Establishing a retirement plan for a group practice can be a complex process, but numerous service providers are available to help. As an overview, SEP and SIMPLE plans tend to have the lowest fees, and they are among the least burdensome options available to employers. When you go with a 401(k), you get significantly more functionality, but you may need to pay for third-party administrators (TPAs) and other services.


What’s Next?

The world of retirement plans can get extremely complicated, and the programs we’ve discussed here are just a few of the options. For most people, especially solo practitioners, an IRA or 401(k) can accomplish much of what you need. But if you have the time and interest to explore this world even more fully, there are lots of options and combinations you can explore. 

Once you have an understanding of the landscape of retirement plans, you can start taking the next steps toward saving for your future. 

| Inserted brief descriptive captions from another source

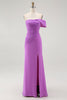 Load image into Gallery viewer, Purple Off the Shoulder Chiffon Ruched Maxi Formal Dress with Slit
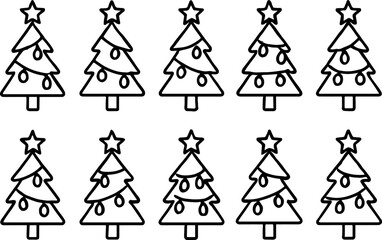 Christmas trees and holiday decoration icons set. New Year elements, festive outline illustrations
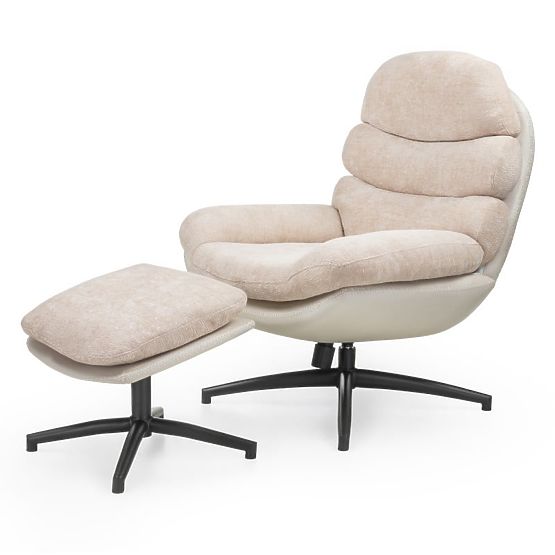 Sedia girevole con poggiapiedi Prima beige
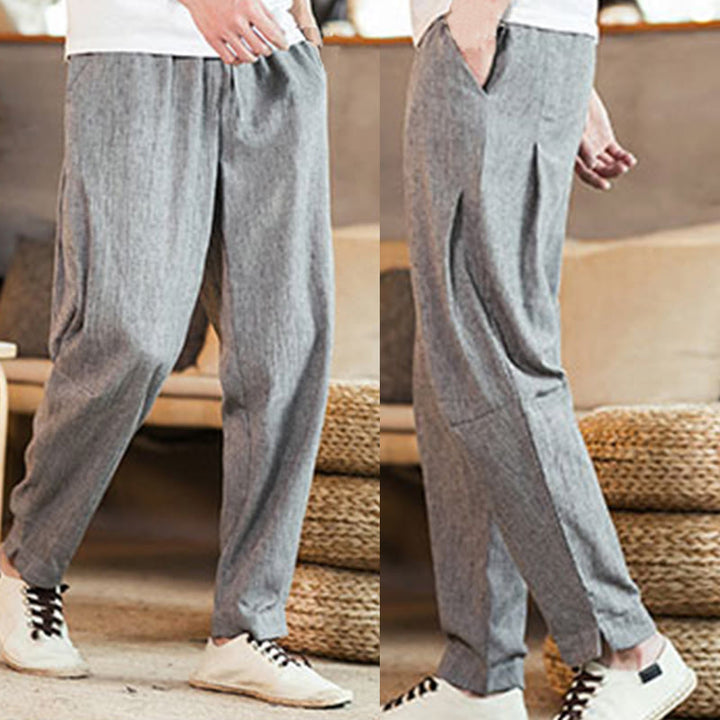 Buddha Stones無地 リネン ドローストリング テーパード メンズ パンツ ポケット付き - image 18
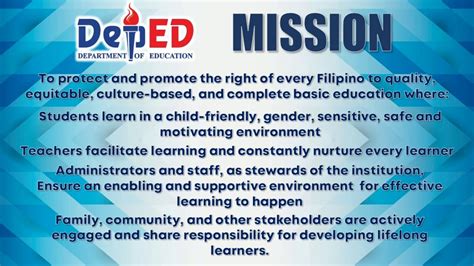 DEPED Vision, Mission and Core Values Department of Education - YouTube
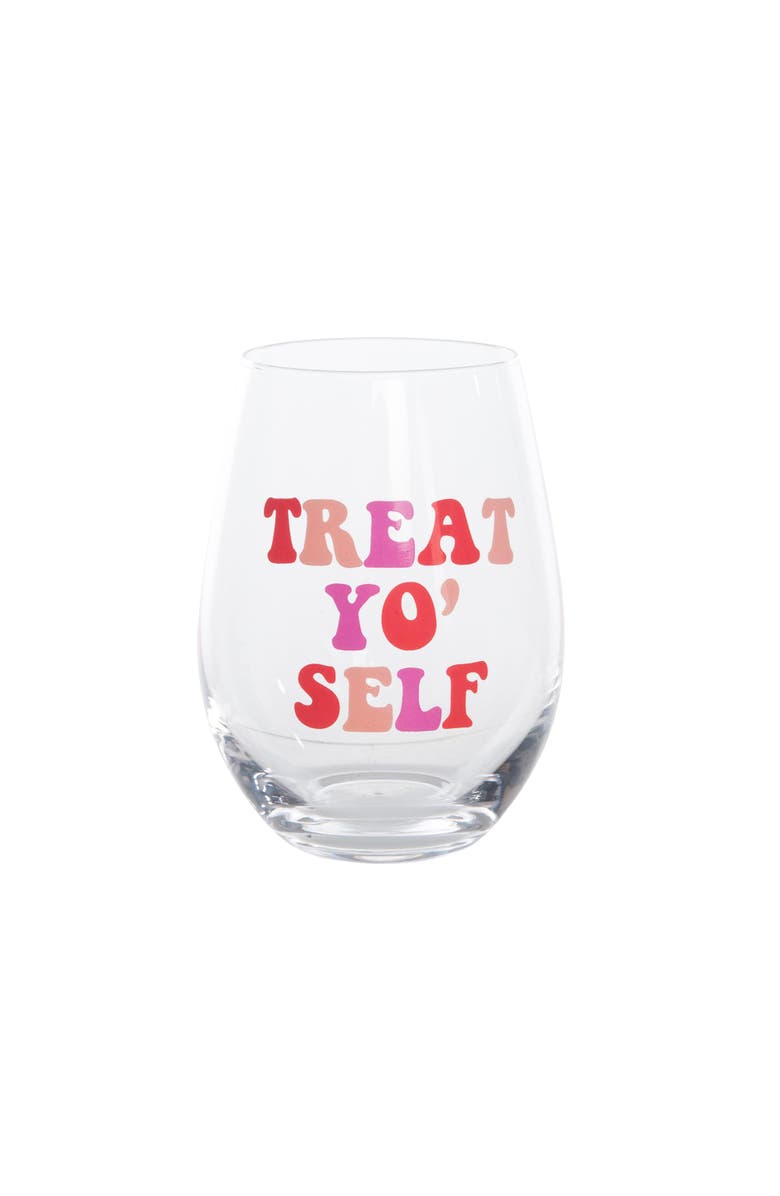 Totalee Gift Treat Yo Self Wine Glass w/ Stopper Set of 2 Glass Clear 18 oz, Main, color, Clear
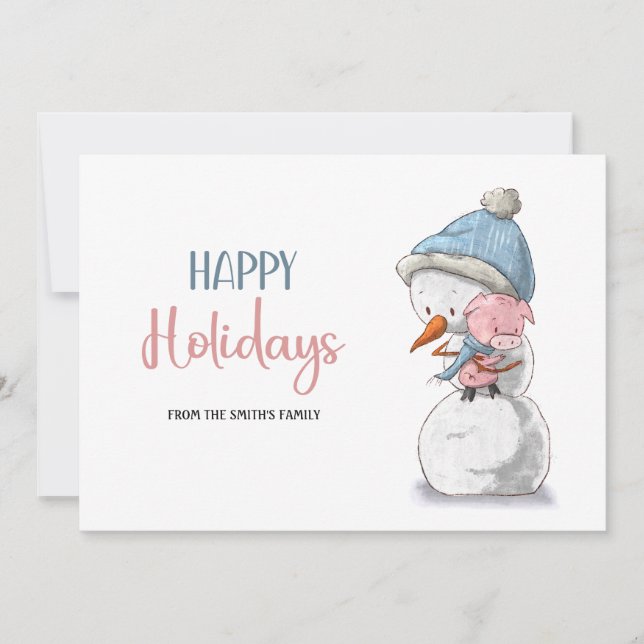 Cartes Pour Fêtes Annuelles Joyeux Joyeux Joyeux Vacances Snowman Pig (Devant)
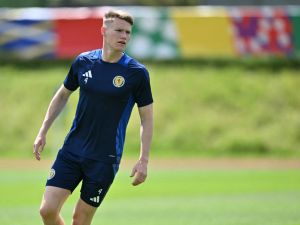 Scotland's midfielder #04 Scott McTominay attends a MD-1 training session on the eve of their UEFA Euro 2024 Group A football match against Hungary, at the team's base camp in Garmisch-Partenkirchen, on June 22, 2024. (Photo by MIGUEL MEDINA / AFP)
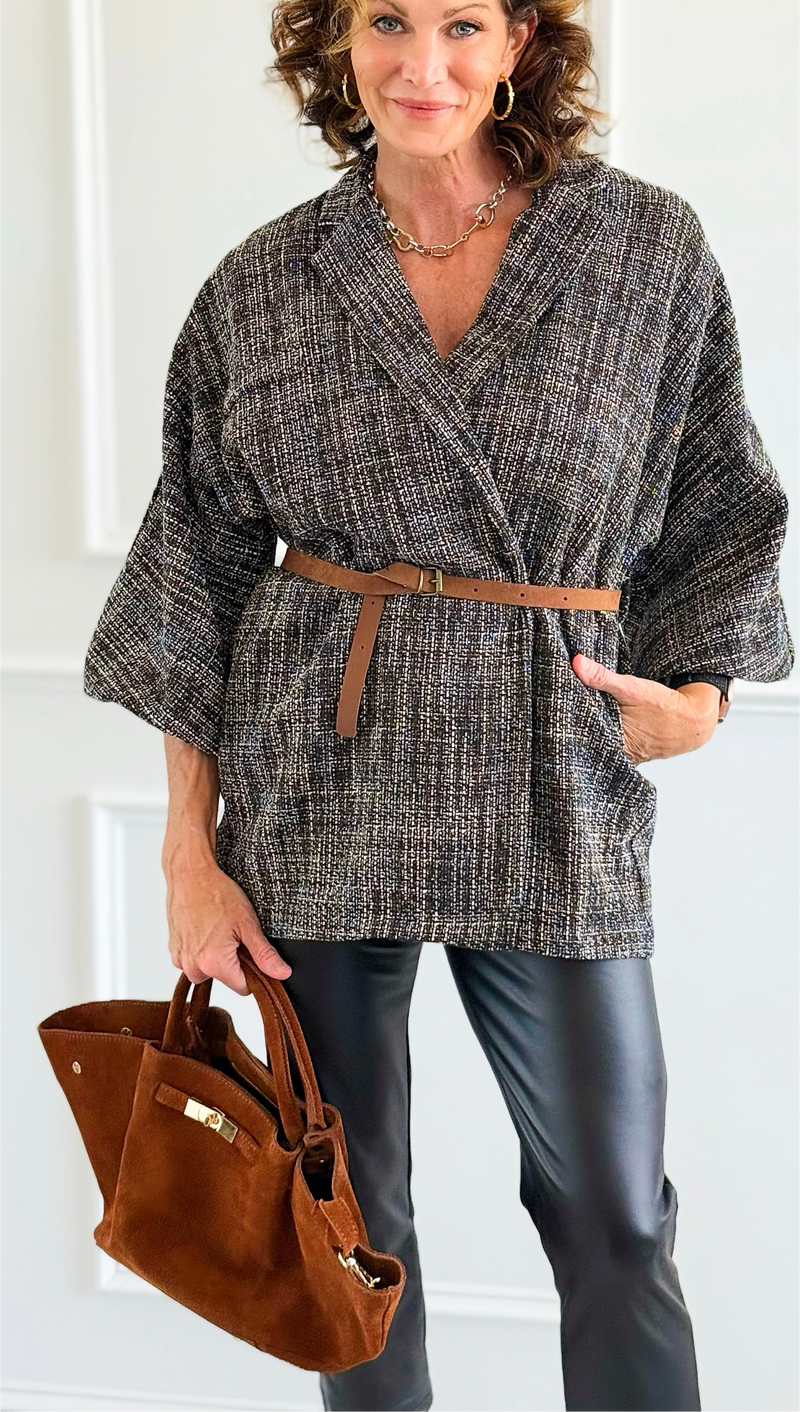 Italian Suede Crescent Tote - Brown-240 Bags-DEDA LEATHER-Coastal Bloom Boutique, find the trendiest versions of the popular styles and looks Located in Indialantic, FL
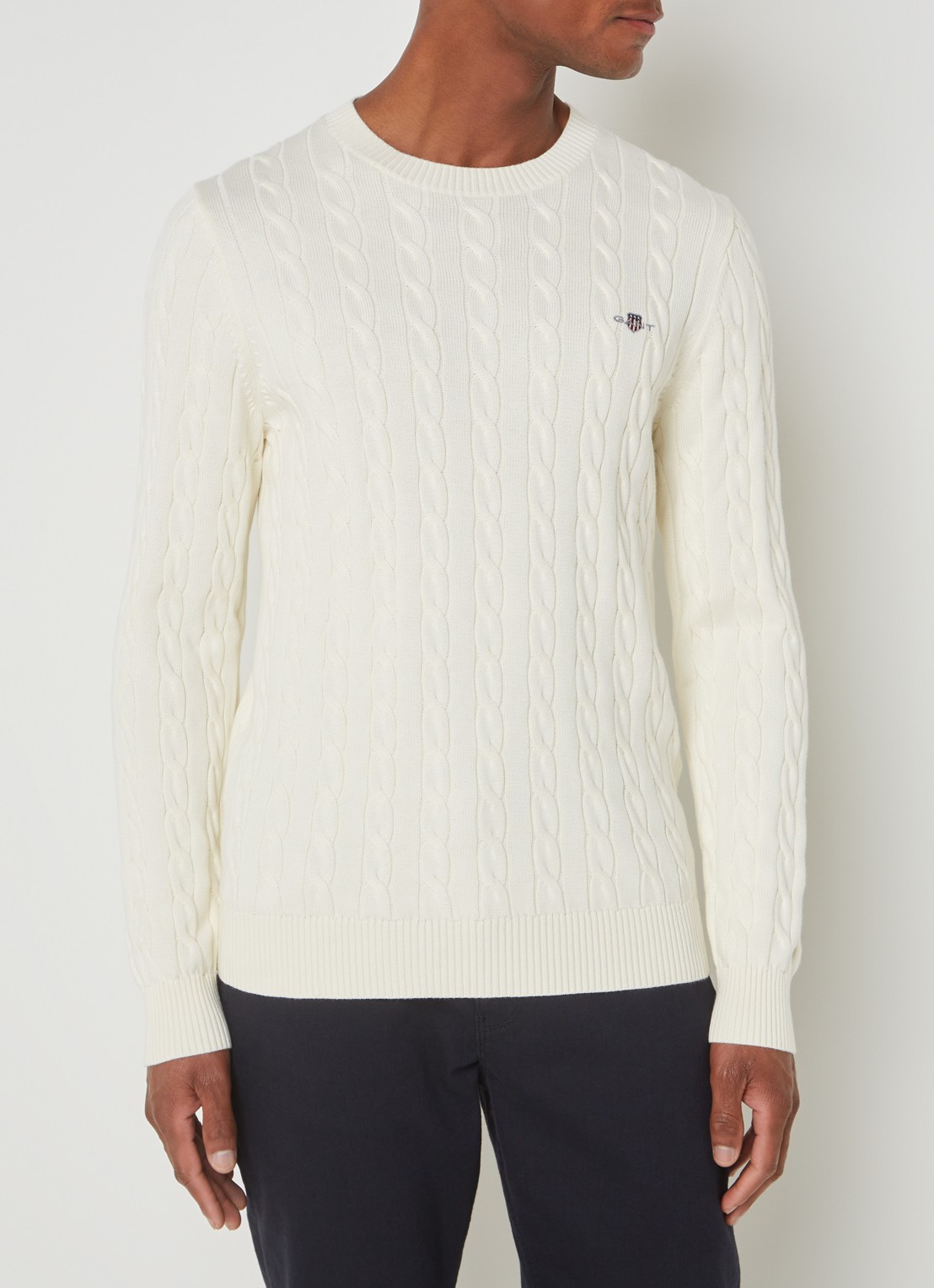 Gant Kabelgebreide trui met logoborduring - detail 4 creme
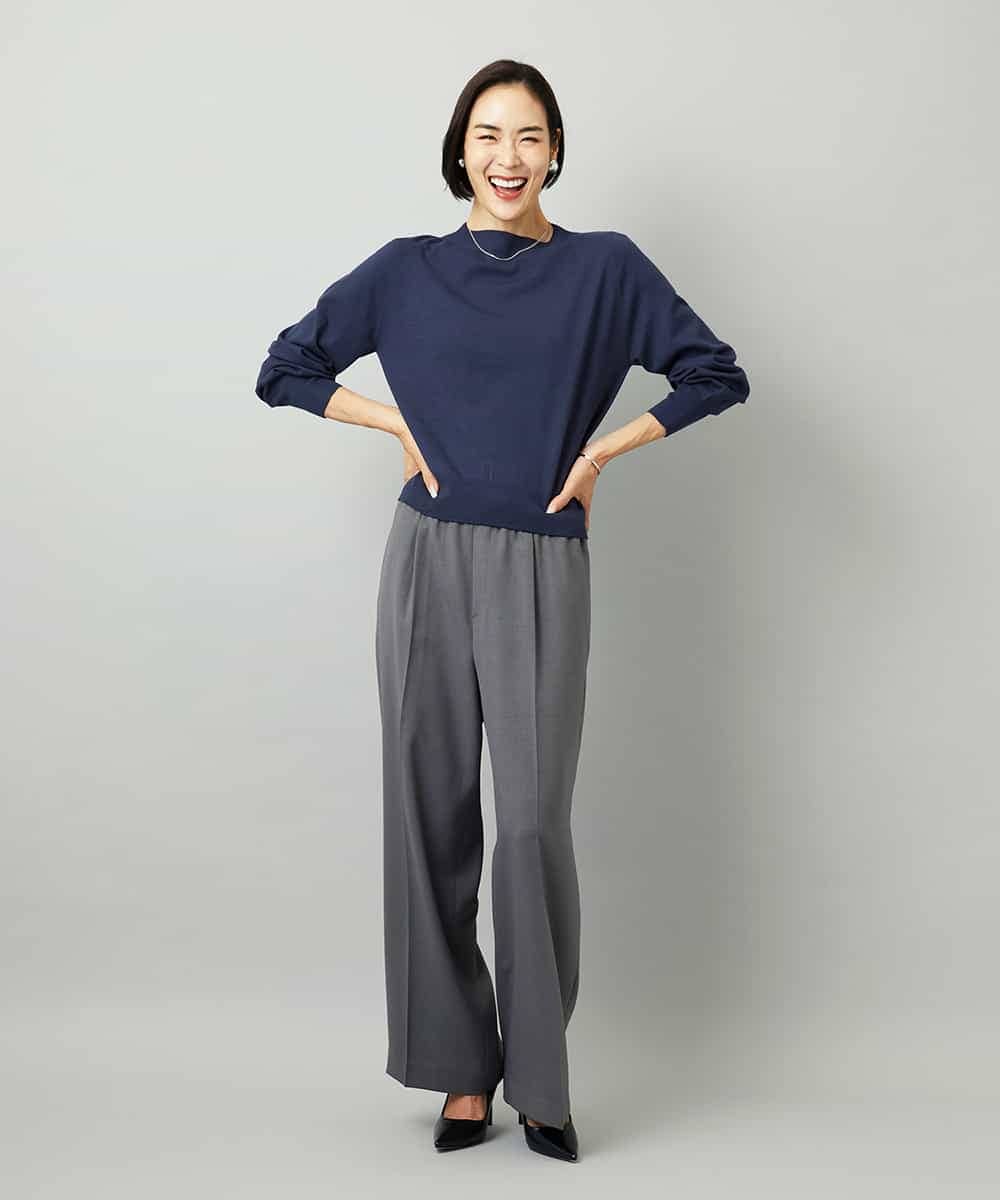 FMFAD15190 MICHEL KLEIN(ミッシェルクラン) ホールガーメント(R)ボトルネックニット ネイビー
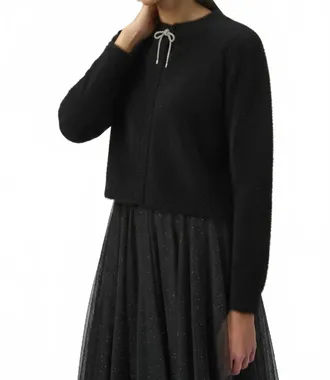 Joseph Ribkoff Rhinestone Bow Cardigan In Black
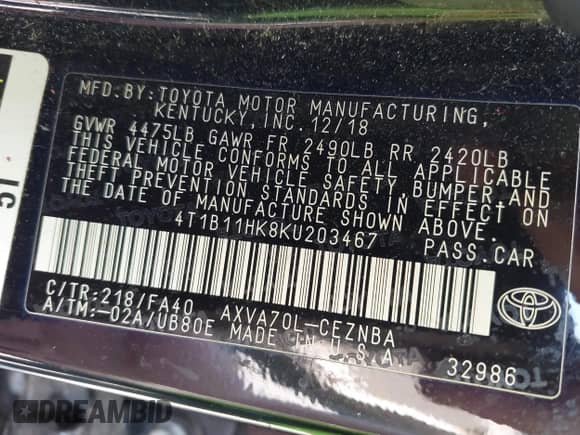 2019 Toyota Camry LE с VIN 4T1B11HK8KU203467, выставлен на аукционе IAAI как лот 42988134 с пробегом 116 947 миль миль и . История ставок и продаж доступна на DreamBid. Изображение 9.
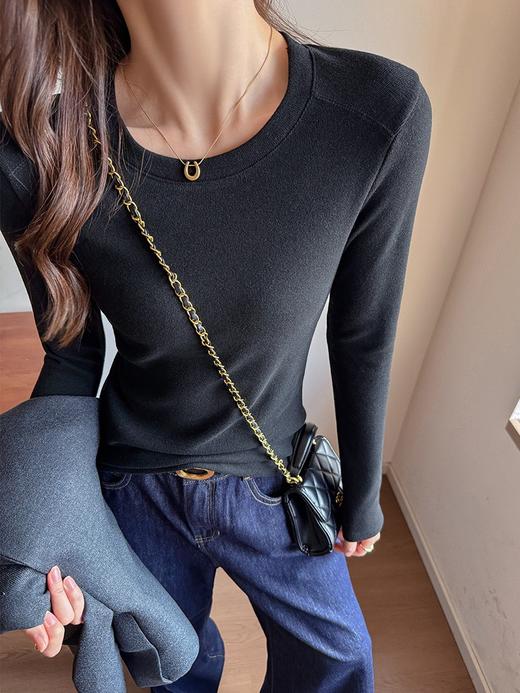 高级感百搭圆领加厚磨毛长袖内搭秋冬季修身打底衫女 商品图2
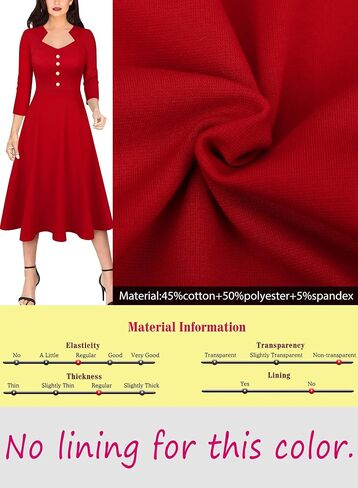 VFSHOW Womens Vintage Retro Square Neck Work Business Office Fit and Flare Mid-Calf A-Line Dress in Saudi Arabia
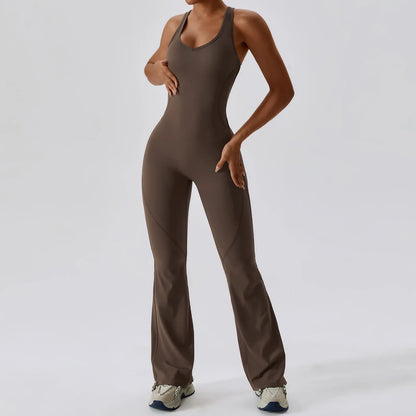 Women’s Fitness Yoga Trumpet Jumpsuit | Hollow Quick-Dry Sleeveless Sport Gym Onepiece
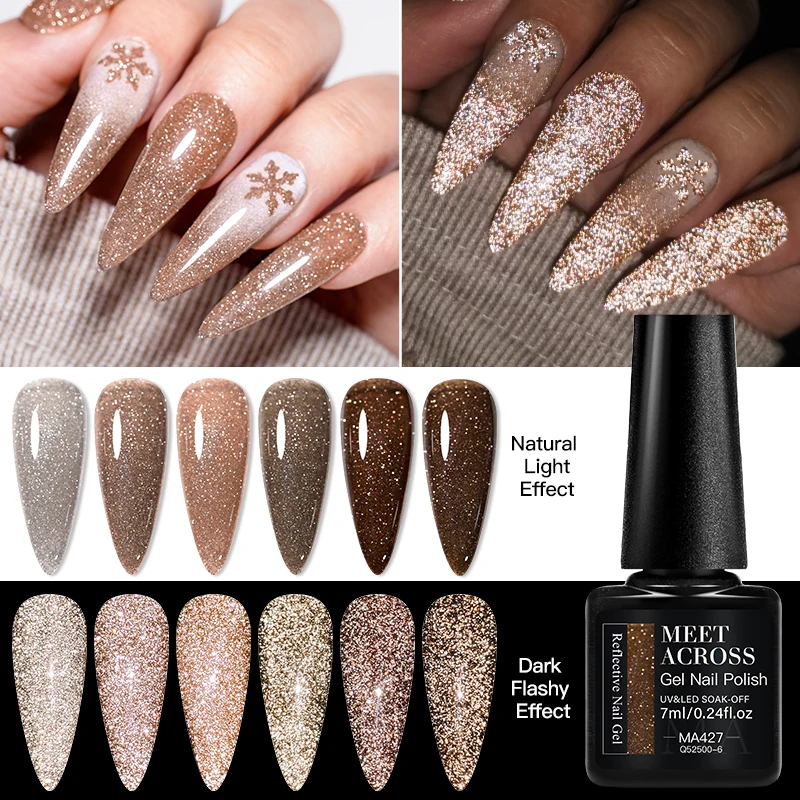 6pcs Coffee Brown Reflective Glitter Gel Nail Polish Set Dark Flashy Semi Permanent Soak Off UV Gel Varnish Nail Supplies Salon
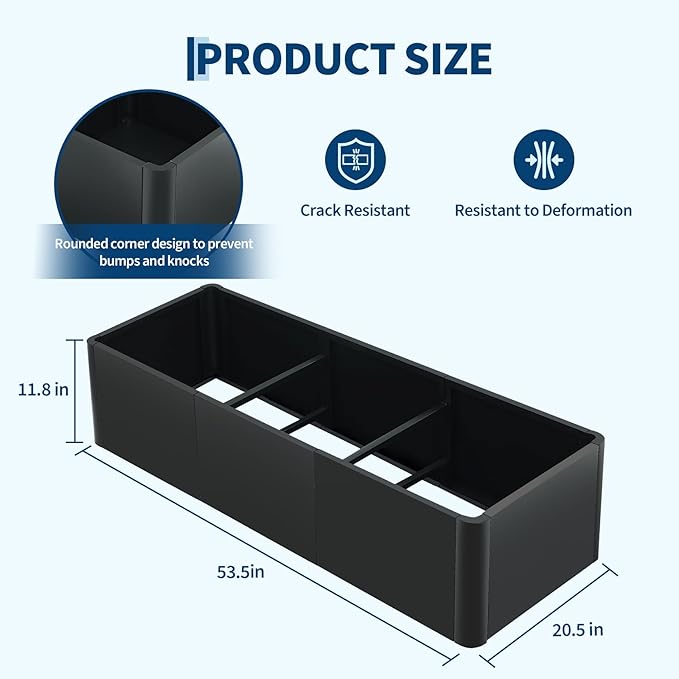 Garvee 54"x20" Large Rectangular Metal Planter with Rounded Corners, Modern Heavy Duty Steel Raised Garden Bed, Open Base Design & Snap-On Assembly for Outdoor Patio, Garden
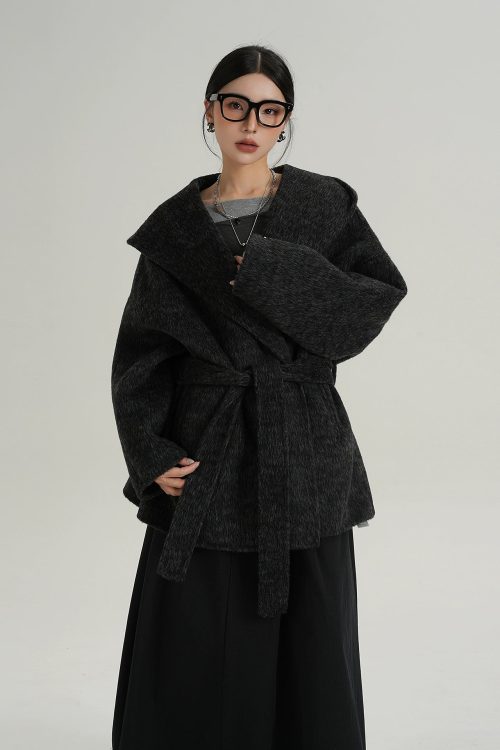 Open Collar Long Coat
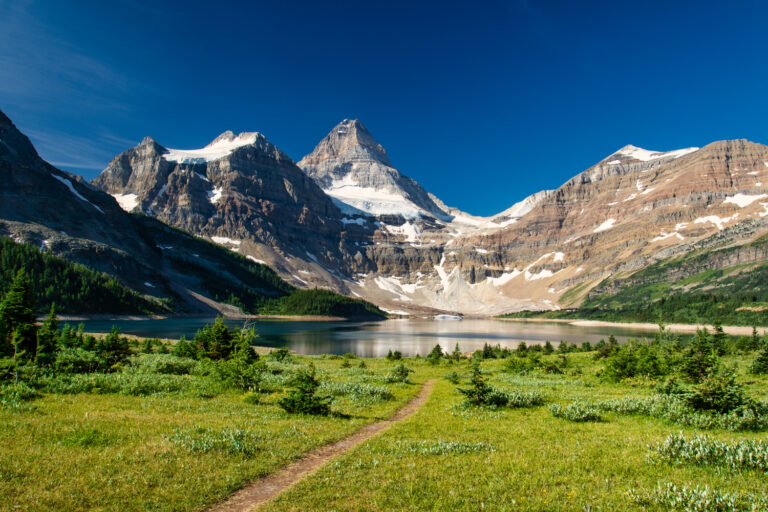 mountains lake trail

  1. Figure out how much you want to save each year.
  2. Decide if you prefer pre-tax, after-tax, or a combination of contribution types.
  3. Determine which type of plan allows you to do what you need to do.
  4. Establish the plan and open an account.
  5. Make your first deposit and invest the money in a way that’s aligned with your budget and financial needs.
  6. Continue helping your clients live better lives without devoting excessive time and energy to your retirement plan.

All of this information can get overwhelming, especially when you’re a working practitioner. Make use of the customer service agents and resources that are available from financial institutions, and really do the research to find what works for you and your business.  A fee-only financial advisor can also provide guidance (with or without investment management services included), and is another great resource to get professional guidance. With your financial affairs in order, you can be confident that you’re taking care of yourself as you help your clients do the same.

Note: This article is for educational purposes only and is not meant to be nor should it be considered financial advice. If you have questions about planning for retirement, consult with a financial professional.